Herm - you've put me in a quandary. I'm partway down the road of procuring an NH carb to replace this with. You've brought up a couple items that I wasn't aware of - Last 3 gallons and going uphill. How big a problem is that?"END QUOTE"
Keep your tank full. A 26-27 matters not. Sure nothing wrong with an NH, for a T Carb.
We were on a tour to Love Field several years ago with the Lone Star T club. We were going up a slight hill on Midway Rd near Northwest highway when a nice center door quit running right in the middle of an intersection. I got out and we pushed it into a parking lot to see what was wrong.
The guy who owned the car was fiddling under the back seat. I asked him if he had run out of gas. He says "I think my fuel pump went out". I said "Model T's don't have fuel pumps, that can't be it."
But it was.
I've never had a T with a fuel pump or a distributor or a water pump. Never broke down due to one of those things failing either.
Charlie, give me a call. Don
With the fuel tank under the seat (or in the trunk on coupes) you can easily starve for fuel on steep hills with less than 2 or 3 gallons in the tank. Solutions - Never run low on fuel, back up the hill, pressurize the tank (manual pump), or add a fuel pump (electric or manual), or maybe even try the vintage technique of adding on a vacuum tank.

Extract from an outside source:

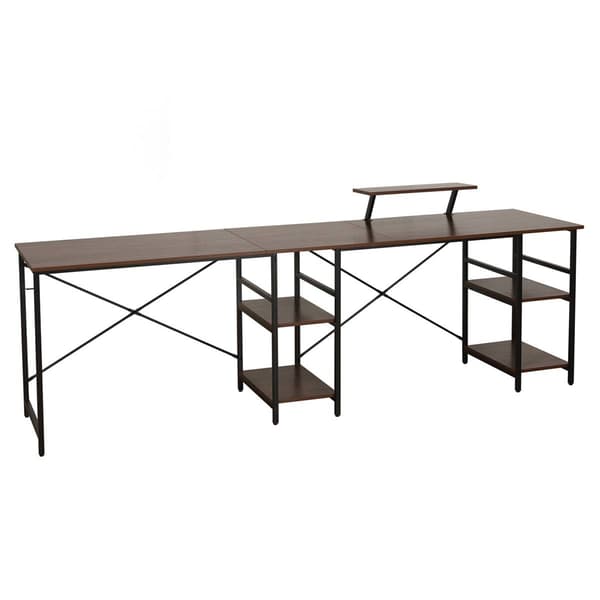 Techni Mobili L-Shape Industrial Desk w/ Storage Shelves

If you plan ahead, there is no problem. I ran my 25 touring for almost 30 years and only had fuel starvation issues 3 times that I can recall. Twice I got turned around and backed up the hill and once I got a gallon of gas from another tour member.

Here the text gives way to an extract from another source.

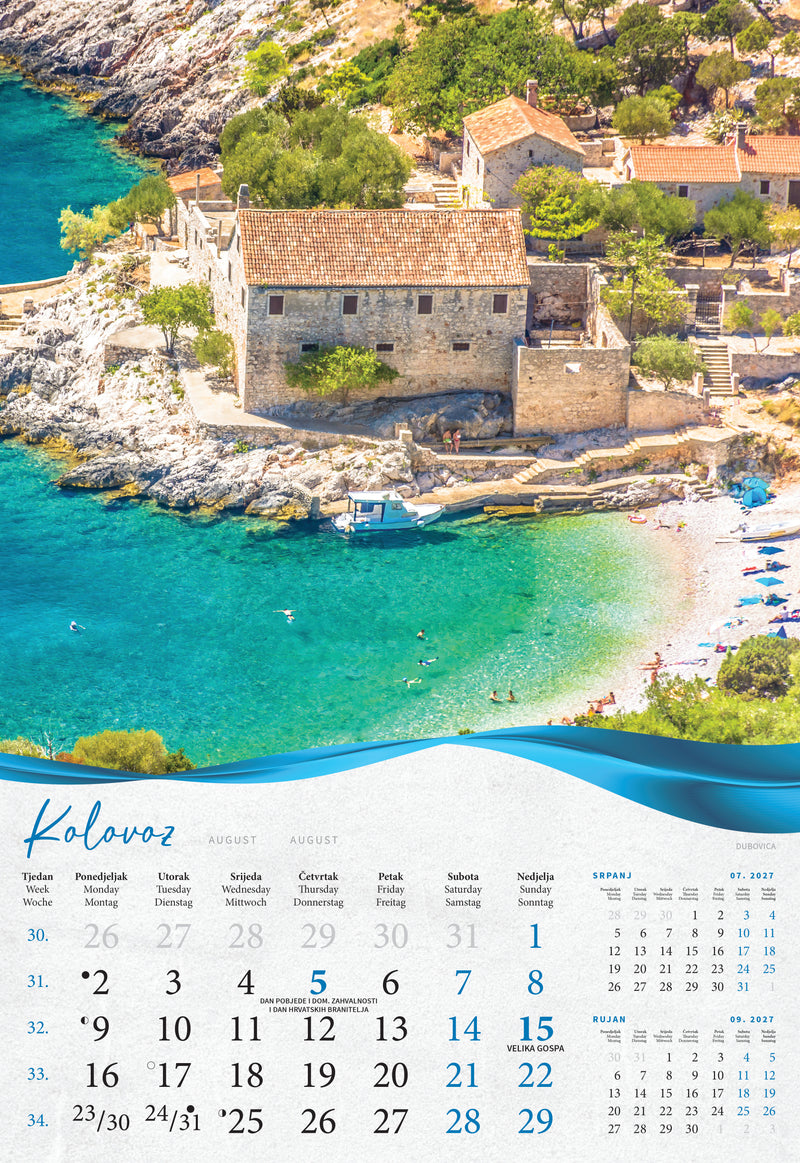 Promotivni zidni kalendar Biserna Dalmacija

Have a look at Texas T Parts.
They are selling, new, the same carb you're wanting to ditch.
And praising it.
I have used that carb and got it to work without a pump by opening up the intake needle seat several thousandths. The bowl would run dry with restricted inflow. A friend uses one very successfully as proven by his dyno results of over 26 HP! Don't throw it out, fix it. Has an idle adjustment as well.
Charlie, you also need to purchase the hot air pipe to funnel warm air through the carb or the carb will ice up, due to the venturi effect.
i managed to find the replacement float on Amazon of all places. Thanks to google and a number stamped into the carb, I identified it as a particular Kohler model which was key to finding the float.
i put it back together. Is there supposed to be a needle attached to the float?
I still have other things to do on the car so didn't try to start it. But I did re-open the fuel line at the sediment bowl. A couple hours later I return to the garage and it smells a lot like gas. No gas on the floor beneath the carb, but a small drop of gas at the bottom of the bowl. I snugged the bolt holding the bowl up just a bit more, but am trying to be careful not to over tighten. Or should I tighten it right up to the post inside that it screws into? I'm also trying to find a new o-ring for between the bowl and the carb.
A lot of those new small engine plastic float carbs have the needle attached with a springy wire clip. If not it still has to have a needle to shut off the gas. Looks like all the gas would have poured out almost immediately after opening the petcock.
Corey - Texas T's carries this carb. I suspect that's where it was originally purchased. I don't have a parts diagram, but have emailed TexasT's and stated my questions about the pin.
I'm planning to rebuild a Holley NH carb. I was planning to install that, but then there are comments on this board about some positive features of the modern carb. I'm conflicted. But if I can't get the modern carb working well, it's an easy decision.
A missing pin would explain a lot though. I hope it does have a pin that's no longer in my carb - assuming I can get a replacement part.
The pin is definitely missing. In a past life, or a few months ago, when I knew a lot less about carbs, I suspect that I removed the bulb and broken float and somewhere in the mix the inlet needle attached to the float disappeared. That with a broken float would explain a lot of the flooding and fuel smell issues I've had.